What you are asked to do: Where a line of the entries holds the string "Photo", copy that line.

(Dataset records)
##########
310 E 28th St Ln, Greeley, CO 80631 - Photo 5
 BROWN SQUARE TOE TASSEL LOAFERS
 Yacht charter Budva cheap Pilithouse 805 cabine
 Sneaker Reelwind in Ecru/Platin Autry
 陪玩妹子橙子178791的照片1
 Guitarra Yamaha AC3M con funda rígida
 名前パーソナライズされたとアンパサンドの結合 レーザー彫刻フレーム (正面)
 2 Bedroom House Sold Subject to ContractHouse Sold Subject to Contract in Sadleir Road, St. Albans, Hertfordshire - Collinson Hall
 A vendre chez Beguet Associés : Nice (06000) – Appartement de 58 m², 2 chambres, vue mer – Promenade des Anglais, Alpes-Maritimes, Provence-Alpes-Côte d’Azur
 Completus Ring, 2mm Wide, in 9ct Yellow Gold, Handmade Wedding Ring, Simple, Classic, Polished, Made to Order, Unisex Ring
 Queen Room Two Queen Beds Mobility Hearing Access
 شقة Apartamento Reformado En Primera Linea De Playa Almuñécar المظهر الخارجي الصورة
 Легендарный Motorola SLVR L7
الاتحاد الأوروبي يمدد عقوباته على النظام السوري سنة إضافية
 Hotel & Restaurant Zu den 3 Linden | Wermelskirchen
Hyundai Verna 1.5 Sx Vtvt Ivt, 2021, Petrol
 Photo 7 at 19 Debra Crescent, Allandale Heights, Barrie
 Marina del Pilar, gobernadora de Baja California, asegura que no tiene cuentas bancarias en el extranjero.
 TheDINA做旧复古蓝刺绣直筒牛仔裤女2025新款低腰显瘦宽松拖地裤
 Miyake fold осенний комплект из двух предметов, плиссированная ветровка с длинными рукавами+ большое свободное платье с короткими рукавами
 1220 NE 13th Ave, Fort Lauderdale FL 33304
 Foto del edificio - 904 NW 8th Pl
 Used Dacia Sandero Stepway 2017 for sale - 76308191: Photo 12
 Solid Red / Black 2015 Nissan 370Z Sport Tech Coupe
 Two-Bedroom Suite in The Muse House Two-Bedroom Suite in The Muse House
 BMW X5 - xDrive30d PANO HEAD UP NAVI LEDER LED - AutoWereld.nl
##########
Answer to this problem:
310 E 28th St Ln, Greeley, CO 80631 - Photo 5
 Photo 7 at 19 Debra Crescent, Allandale Heights, Barrie
 Used Dacia Sandero Stepway 2017 for sale - 76308191: Photo 12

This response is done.